Magna Carta and King John
During this year we will be celebrating the 800th anniversary of the sealing of Magna Carta, otherwise known as the Great Charter.
On 15th June 1215 King John reluctantly set out from Windsor Castle to make a pact with a powerful group of rebel Barons at Runnymede. He was greatly outnumbered and in desperation he agreed to their demands to observe the rights, privileges and liberties of the clergy and the nobles. King John's promises were set down in writing and an unknown number of copies of the document, which came to be known as the Magna Carta, were made and distributed across England.
Four of the original copies of the Magna Carta survive to this day. Salisbury Cathedral, pictured on the left, probably has the best preserved version of the document and will be celebrating the anniversary with a new exhibition in their 13th century Chapter House where this very famous and powerful document will be on display.
Two copies of the Magna Carta are in the British Library and from 13th March - 1st September they will be part of their exhibition entitled Law, Liberty, Legacy. The fourth copy is held in Lincoln castle.

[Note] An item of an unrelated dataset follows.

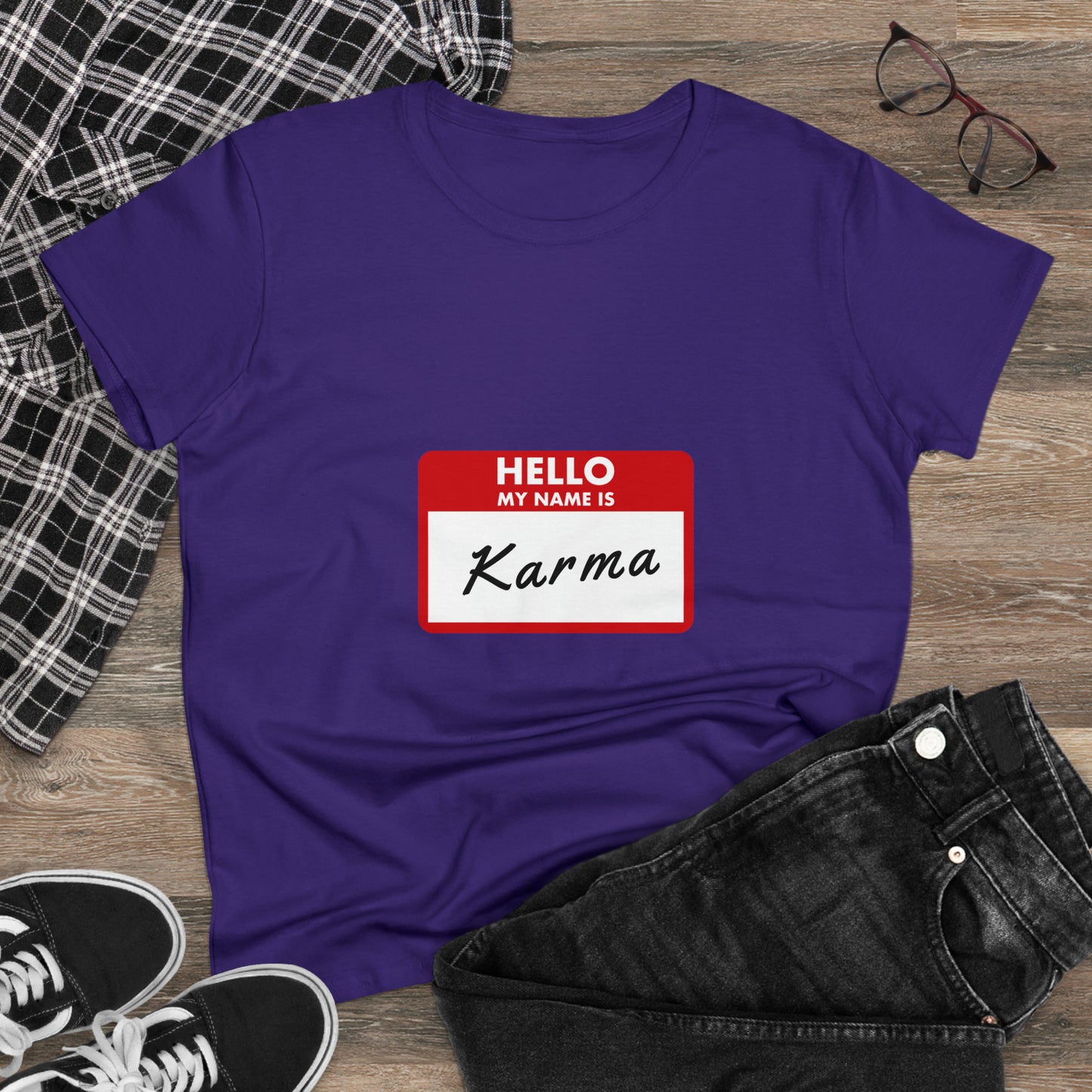 Karma Women's Midweight Cotton Tshirt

West end of Worcester Cathedral
But what about King John? He was probably one of the most unpopular and cruellest of all the Kings of England. He put his seal to the Magna Carta to keep peace with rebel barons but only to buy himself time, he never intended to keep to the Charter. The result was Civil War. The nobility called on Prince Louis of France to invade England to depose the monarch who had become such a tyrant. King John, however proved himself an able soldier and continued to wage war, but a severe attack of dysentery made him very ill and brought on his early and unexpected death at Newark Castle in October 1216, resulting in a divided country. King John's nine year old son, Henry was quickly crowned King Henry III at Gloucester. The crowning of a new English King thwarted Prince Louis' reasons for invading the country, he also lost the support of the rebel barons so returned to France and has more or less been written out of English history ever since.
|King John's Tomb Worcester Cathedral|
As King John lay dying he made a Will. As part of that Will, John requested: "I will that my body be buried in the church of St. Mary and St. Wulfstan of Worcester". Amazingly, the document still exists, and is on display in Worcester Cathedral's library. King John's final request was to be buried between two saints - St Oswald and St Wulfstan and here is the tomb, pictured on the left, with his marble effigy lying on top and either side of his head are carvings of the two saints.
Worcester Cathedral will be marking the 800th anniversary with an exhibition - King John, Magna Carta and Worcester Cathedral until December 2016. There will be pre-booked talks, lectures and concerts during 2015 and a Shakespeare play - King John in the Cathedral in October 2016 to coincide with the anniversary of his death.